Sans cette lettre recommandée, comportant des menaces de procédure avec avocats, si nous avions été contacté de manière normale et courtoise, nous aurions pu organiser un concert commun, faire jouer Sam et sam , et une collaboration artistique aurait pu naître de cette rencontre.
En quoi être un Sam et un sam dans le milieu de la chanson peut déranger l’un ou l’autre, précisément lorsque nous n’avons pas la même vision des rapports humains et que nous ne partageons pas les mêmes valeurs ?
Demandez la réponse auprès de certaines structures d’aide à la professionnalisation d’artistes : celles qui ne répondent jamais, qui occupent leurs poulains en manque de développement à remplir des formulaires, et sur lesquels elles espèrent trouver un retour sur investissement : une visibilité accrue pour elles-mêmes et toucher les fonds publics qui vont avec.
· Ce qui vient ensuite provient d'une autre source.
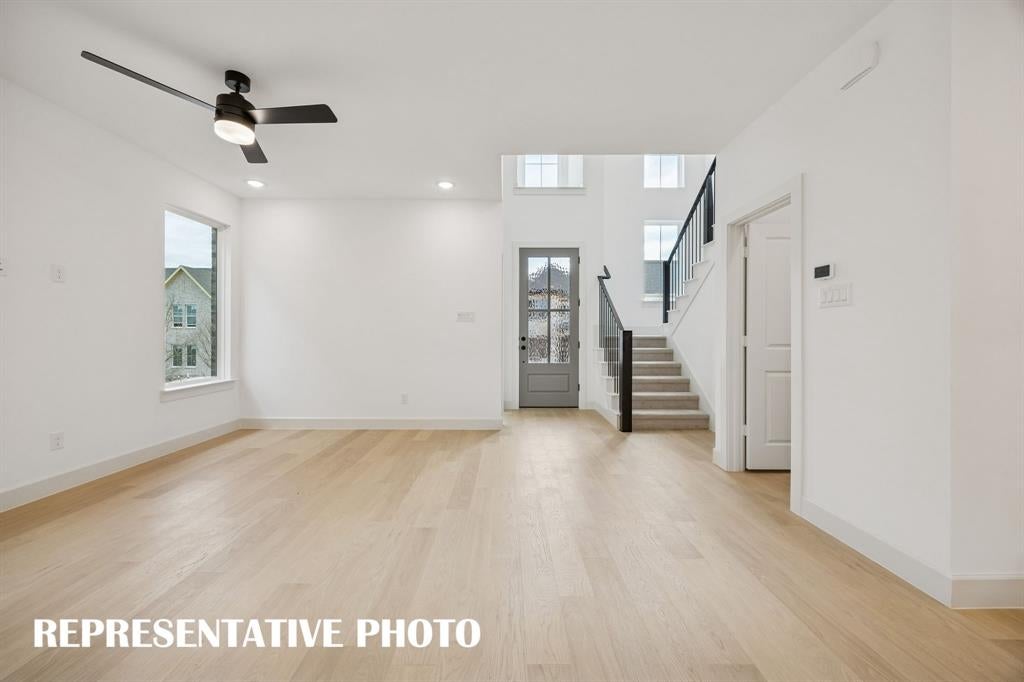 3737 Homer Court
Sinon, sam , moi, reste flatté que Xxx (alias Sam ), dans le système de valeur qui est le sien (et qu’il nous a démontré par son envoi recommandé), considère sam comme un ennemi gênant pour sa carrière. Nous espérons que la carrière (commerciale) de Xxx ne sera pas entachée par une trop large diffusion de ce communiqué. Nous lui conseillons par ailleurs de changer de pseudo et de déposer à tout hasard ‘Jules’, qui n’est pour l’instant qu’une marque de vêtements, qui pourrait le sponsoriser.
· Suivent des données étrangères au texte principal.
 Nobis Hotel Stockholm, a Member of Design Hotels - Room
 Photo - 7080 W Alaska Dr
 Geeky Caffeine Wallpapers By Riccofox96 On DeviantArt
Je reste dans l’incompréhension la plus totale face à cette démarche : pourquoi avoir entamé directement une procédure, pourquoi nous avoir menacé directement de remettre l’histoire entre les mains de la justice ?
Je n’ai aucunement l’intention de nuire à la carrière d’un autre ou de marcher sur ses plates bandes, qu’il soit plus connu ou moins connu que moi. Je ne veux pas attiser le feu, faire preuve d’animosité ou d’esprit de vengeance, ce pourquoi j’ai remplacé son nom par Xxx. Je ne suis en compétition avec personne, je n’ai aucune envie de défendre une marque (mais une démarche artistique et esthétique).
Je ne suis pas en guerre, et dans notre monde libre, je ne me protège que du vrai danger. Xxx s’est trompé de cible et s’est trompé tout court. Je sais que le monde de la musique n’est pas plus beau que le reste du monde, mais je crois encore en la vraie beauté d’un geste artistique qui tout seul et sans artefact peut nous élever.

Cela dit, je ne suis ni un perdant, ni résigné (bien au contraire aujourd’hui), et je dois pouvoir continuer à exister artistiquement et défendre mes intérêts professionnels musicaux.

sam

PS : si commentaires il y a sur ce billet, merci de ne pas mettre de lien vers la personne en question.